SUPPLIED RECORDS ->
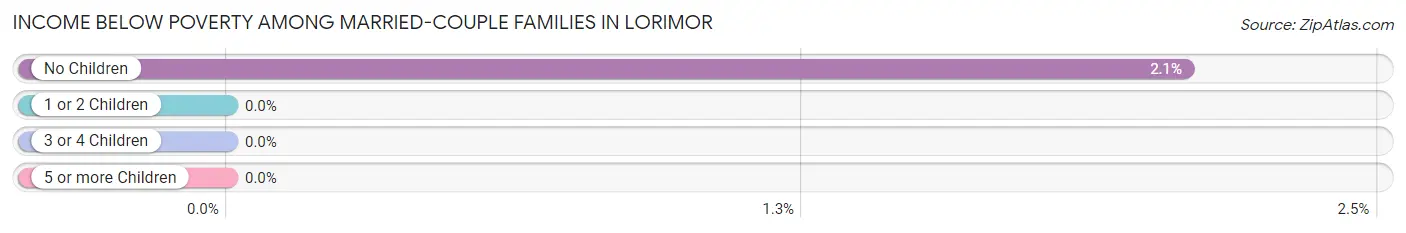 Income Below Poverty Among Married-Couple Families in Lorimor
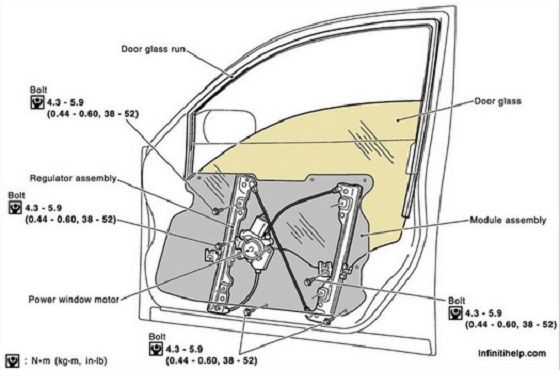 Power Window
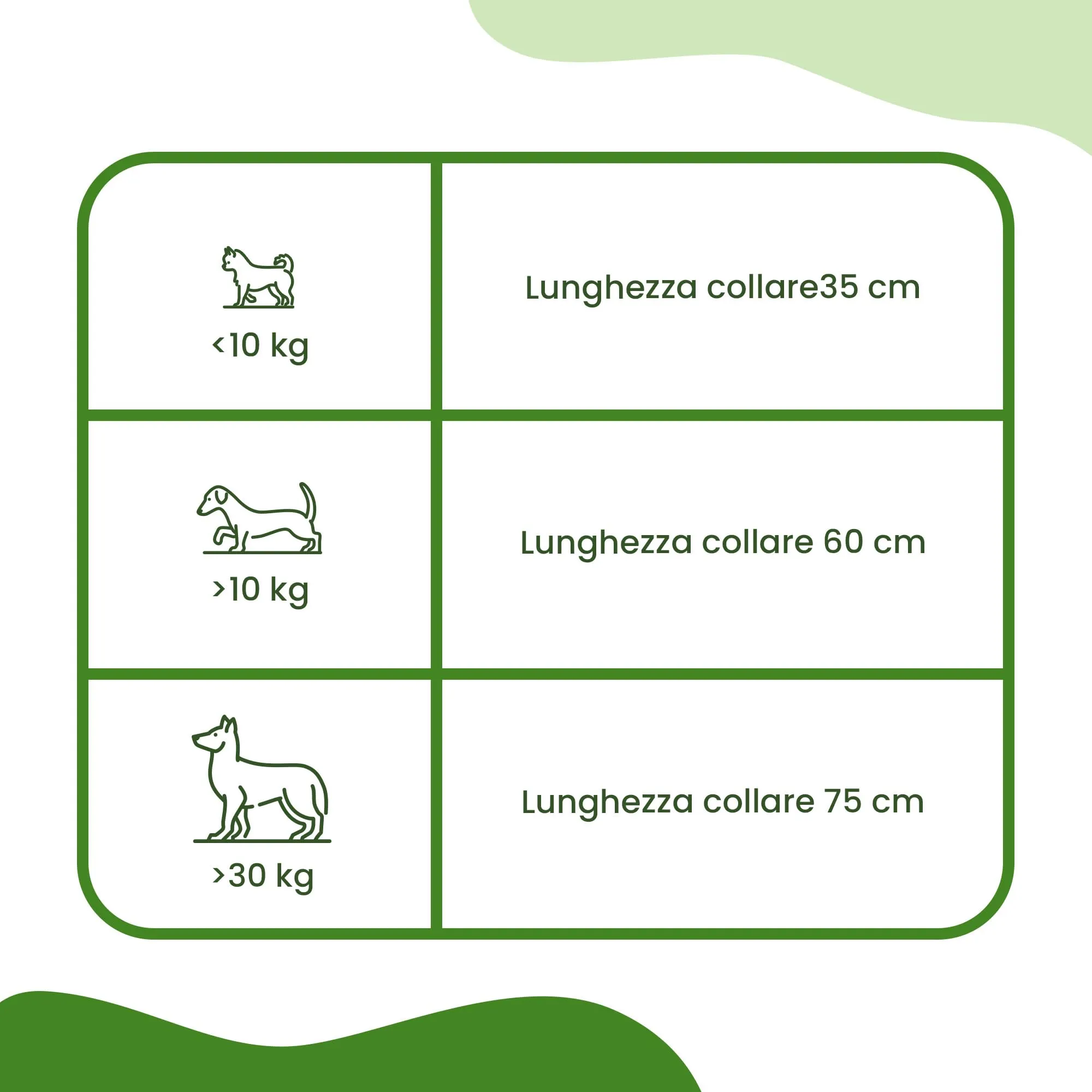 Camon Collare Olio di Neem per Cani di Taglia Piccola, 35cm - immagine 6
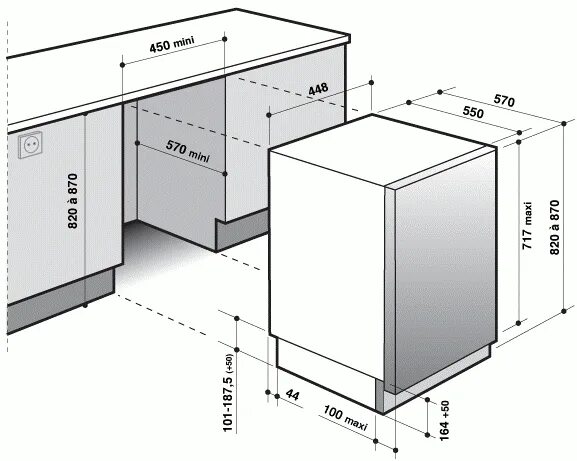 Подключение встроенные посудомоечные машины 45 см Mașini de spălat vase - dimensiuni și dimensiuni Mutfak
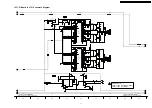 Preview for 77 page of Panasonic Viera TH-42PV700AZ Service Manual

WHAT TO WORK ON -> Repeat the material above exactly; pictures do not belong in the copy.

SOLUTION FOR THIS TASK ->
 Income Below Poverty Among Married-Couple Families in Lorimor
 Power Window
 Camon Collare Olio di Neem per Cani di Taglia Piccola, 35cm - immagine 6
 Подключение встроенные посудомоечные машины 45 см Mașini de spălat vase - dimensiuni și dimensiuni Mutfak
 Preview for 77 page of Panasonic Viera TH-42PV700AZ Service Manual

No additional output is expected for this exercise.